Exercise directions |
In the entries that follow, repeat exactly the lines from the one that has "Lerretsbilde 70x100 cm" through the one that has "A skier is skiing", but omit pictures.

Provided entries |
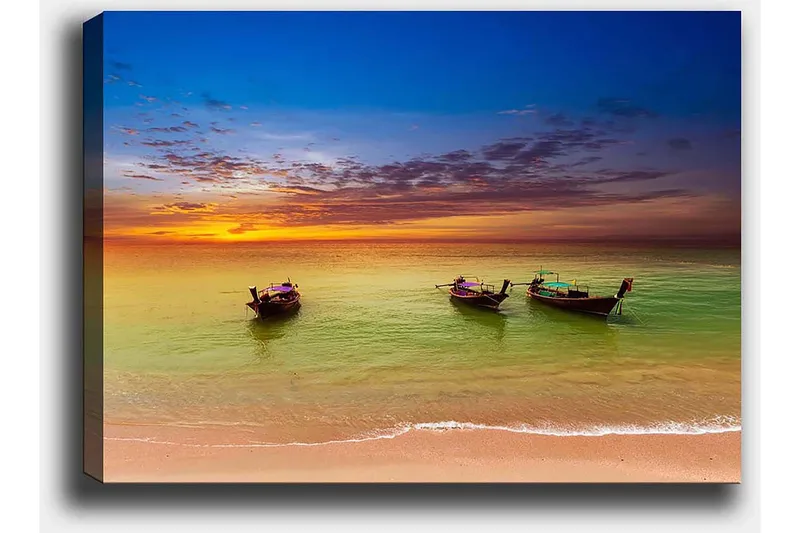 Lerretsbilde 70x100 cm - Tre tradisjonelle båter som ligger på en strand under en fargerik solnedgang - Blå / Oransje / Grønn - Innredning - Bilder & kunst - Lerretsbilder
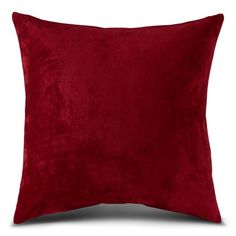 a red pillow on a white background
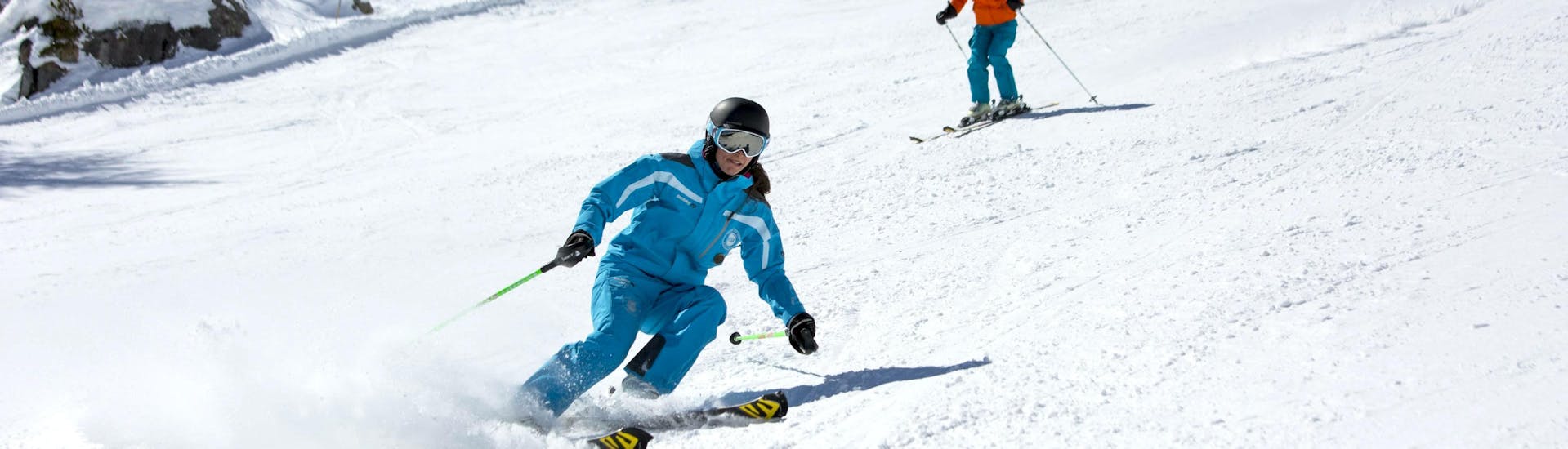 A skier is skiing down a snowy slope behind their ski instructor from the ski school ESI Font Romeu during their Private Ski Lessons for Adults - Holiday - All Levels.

* * *

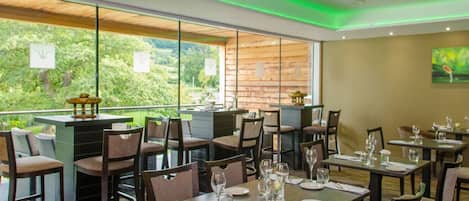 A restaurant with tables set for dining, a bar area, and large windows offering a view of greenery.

---

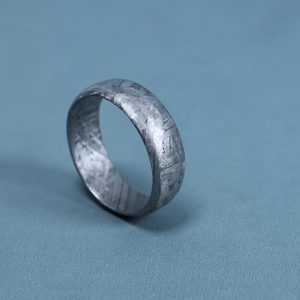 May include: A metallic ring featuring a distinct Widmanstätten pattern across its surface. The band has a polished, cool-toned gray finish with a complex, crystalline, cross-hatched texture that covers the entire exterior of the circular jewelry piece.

Exercise answer |
 Lerretsbilde 70x100 cm - Tre tradisjonelle båter som ligger på en strand under en fargerik solnedgang - Blå / Oransje / Grønn - Innredning - Bilder & kunst - Lerretsbilder
 a red pillow on a white background
 A skier is skiing down a snowy slope behind their ski instructor from the ski school ESI Font Romeu during their Private Ski Lessons for Adults - Holiday - All Levels.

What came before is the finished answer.